━━━━━ Available data

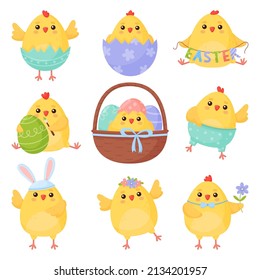 Cute easter chick cartoon character set, Adorable little chick in different situations.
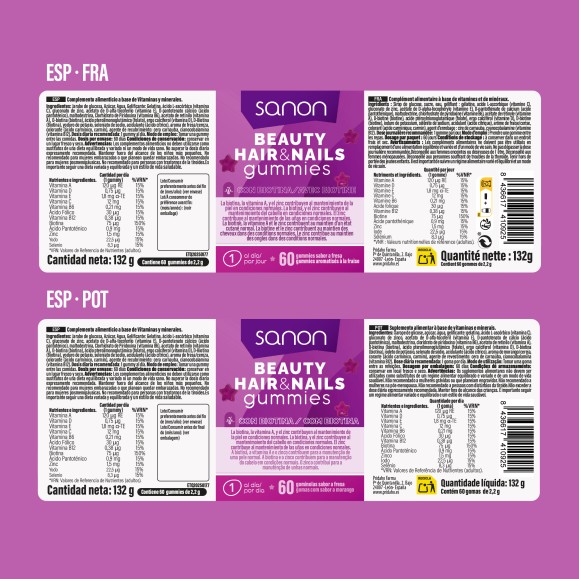 SANON Beauty, Hair & Nails 60 gummies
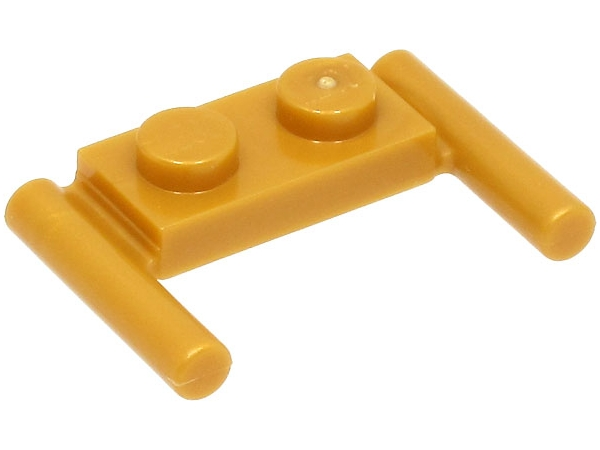 Plate Special 1 x 2 with Handles [Flat Ends / Low Attachment] in Pearl Gold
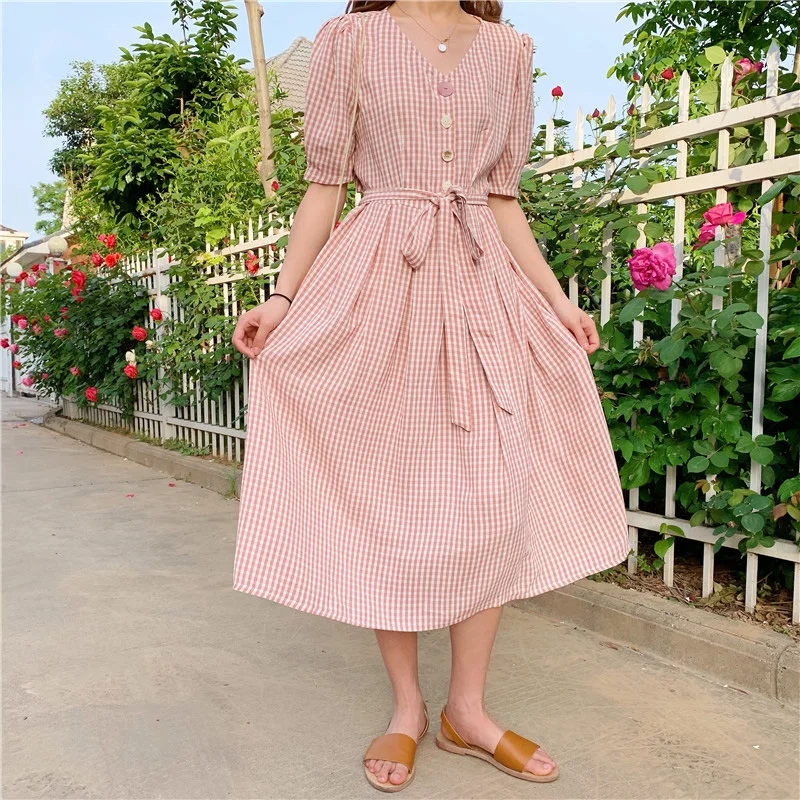 

New Boho Party Beach Sundress Spaghetti Long Dresses Plus Size Summer Women Button Decorated lattice Dress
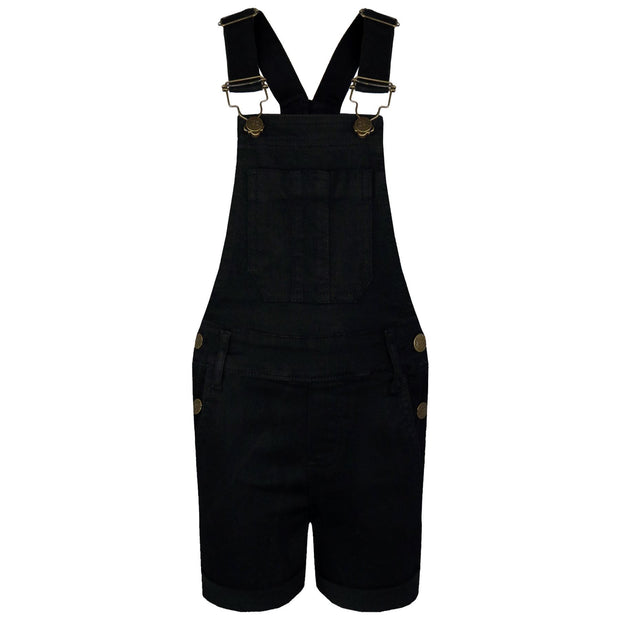 Kids Girls Denim Stretch Dungaree Shorts Jumpsuit Playsuit All In One 7-13 Years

━━━━━━━━━━

■ What to work on ■
Pictures should be omitted. Please return exactly the lines from the line that holds "Plate Special 1" through the end of the records.

■ Task response ■
 Plate Special 1 x 2 with Handles [Flat Ends / Low Attachment] in Pearl Gold

New Boho Party Beach Sundress Spaghetti Long Dresses Plus Size Summer Women Button Decorated lattice Dress
 Kids Girls Denim Stretch Dungaree Shorts Jumpsuit Playsuit All In One 7-13 Years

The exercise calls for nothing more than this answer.